While system 100 is illustrated as including specific components, it should be understood that various embodiments may operate using any suitable arrangement and collection of components. For example, system 100 may be employed as a standalone system, collection of systems, or embodied as an application in a system capable of providing numerous other features. In particular embodiments, a sonar system may be combined with a thermal imaging camera system. Other embodiments may also use sonar signals to obtain an image of the active fire flame. Certain embodiments may include suitable environmental and/or atmospheric sensors (e.g., thermometers, bolometers, barometers, and/or water vapor sensors) in order to determine the evolution of the obscured, high temperature environment over time. Such embodiments may facilitate higher resolution distance calculations based on adjustments to the speed of sound given varying environmental conditions. Other embodiments may be employed in mobile platforms, such as mobile search and rescue robots used to assist fire fighters. Particular embodiments may be used by military personnel to visualize and determine distances of remote objects in the field using appropriate sonar signals to characterize environments obscured by fire, smoke, dust, fog, or other particles that may diminish visibility.

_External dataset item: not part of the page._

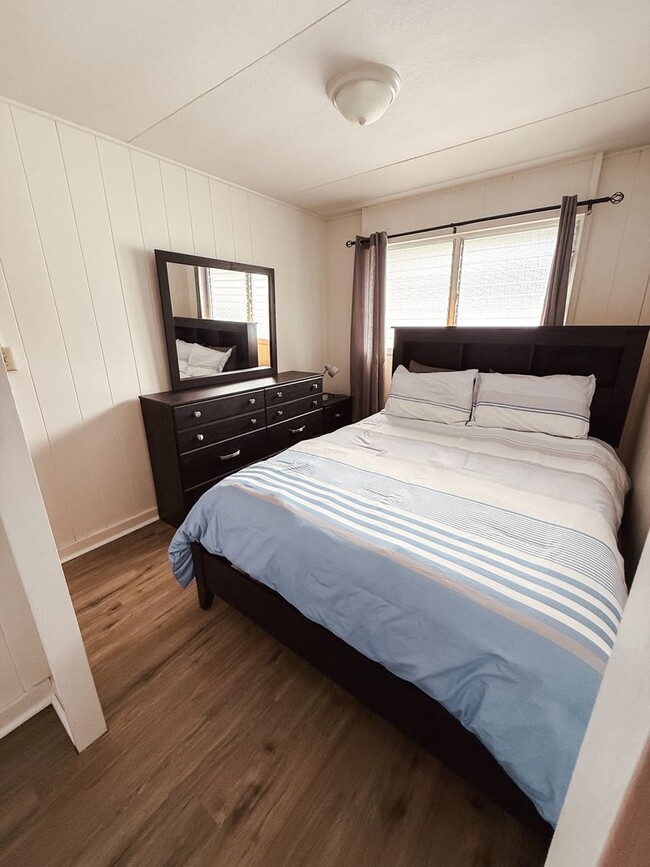 Building Photo - Furnished & Well-Maintained Plantation Hom...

Particular embodiments may use suitable sensors of position or movement, such as accelerometers and/or gyroscopes, to measure, calculate, store, and display information regarding position, speed, orientation, angle, or other appropriate information. For example, the teachings of the present disclosure may be combined with systems capable of determining positions in a three-dimensional space, angle of orientation, heading, elevation, and bank (e.g., yaw, pitch, and/or roll). Such additional information may enable a suitable system to provide a user with a comprehensive image of the obscured, high temperature environment as it may change over time and in relation to movement of the system or the user. This additional information may also facilitate determining the location of the flame of an active fire with higher resolution, and further determine how the flame changes over time.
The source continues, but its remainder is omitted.